On a dark and rainy day here in New York City, I decided to reset my baker’s pantry. I’ve been very inspired by the students in the first Essential Vegan Desserts Course at Rouxbe, who’ve been doing the same.
I do keep a list of ingredients inside the cabinet doors, but when times get busy, I get forgetful, and anyway, pantry shelves need periodic cleaning, right? Among the items I’d forgotten about was an unopened bag of dried apricots. These apricots are sulfite-free and were quite dark, and as the bag was about a year old (I label and date everything!), and they were pretty dried out. I saw also a few 4-ounce containers of organic unsweetened applesauce. I pulled both of the items onto my butcher block mixing counter where, earlier I had put 3 carrots and a portobello mushroom. Next to the butcher blog I keep a lazy Susan with baking powder, soda, salt, extracts. And next to it was a jug of real maple syrup from Pete’s Sweets.
I wanted to bake. Muffins. Away went the mushroom and out came a muffin tin.
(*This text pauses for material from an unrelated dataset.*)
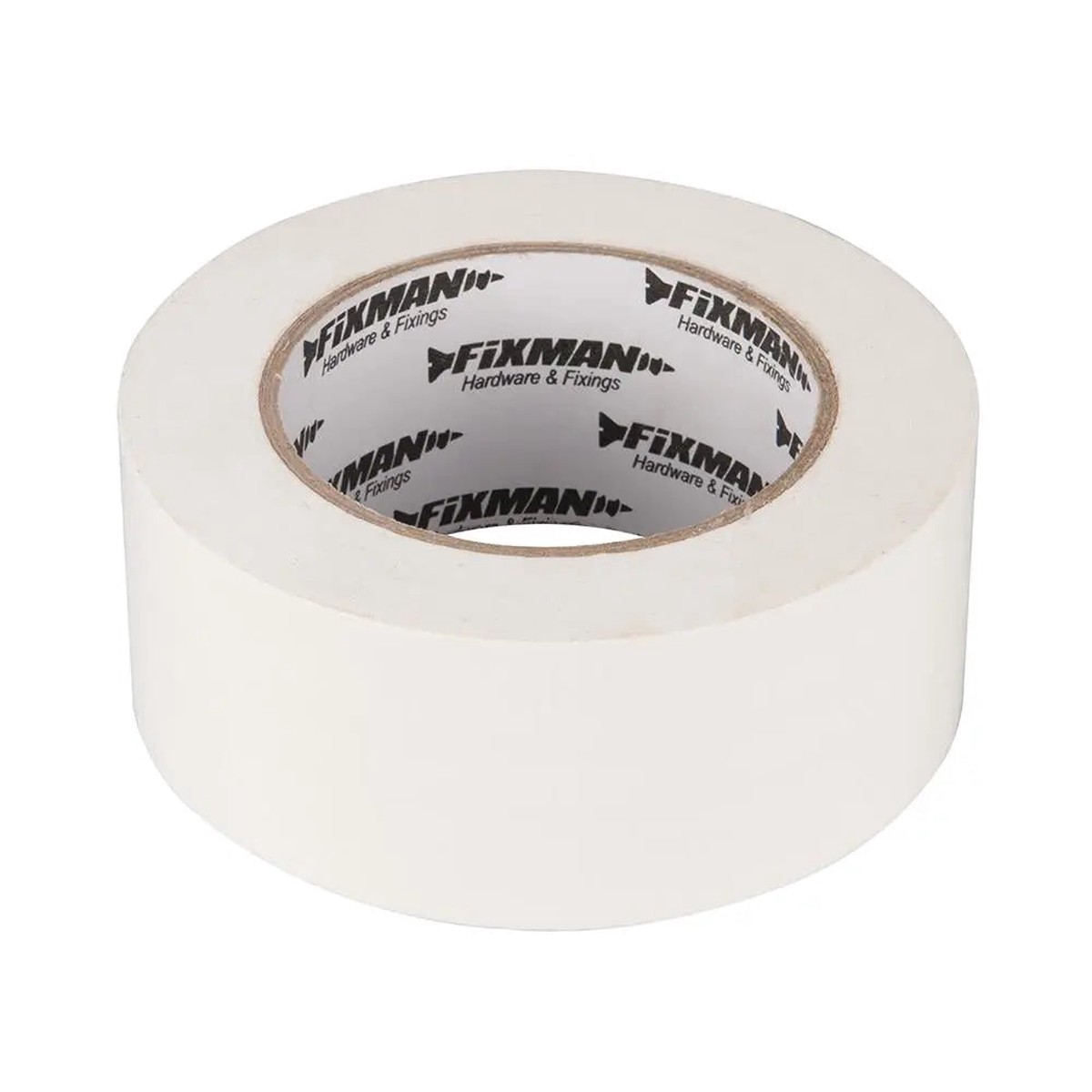 Fixman 50mm x 50m White Super Heavy Duty Duct Tape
I knew I had a recipe in More Great Good Dairy-Free Desserts Naturally for muffins that used carrots, apricots and applesauce, so I decided to play with the recipe. I got 12 large standard muffins that were not too sweet, rather low oil, and very good. Not the prettiest for sure, but tasty and very moist. Just the thing to enjoy with an almond milk latte and The Crown on Netflix.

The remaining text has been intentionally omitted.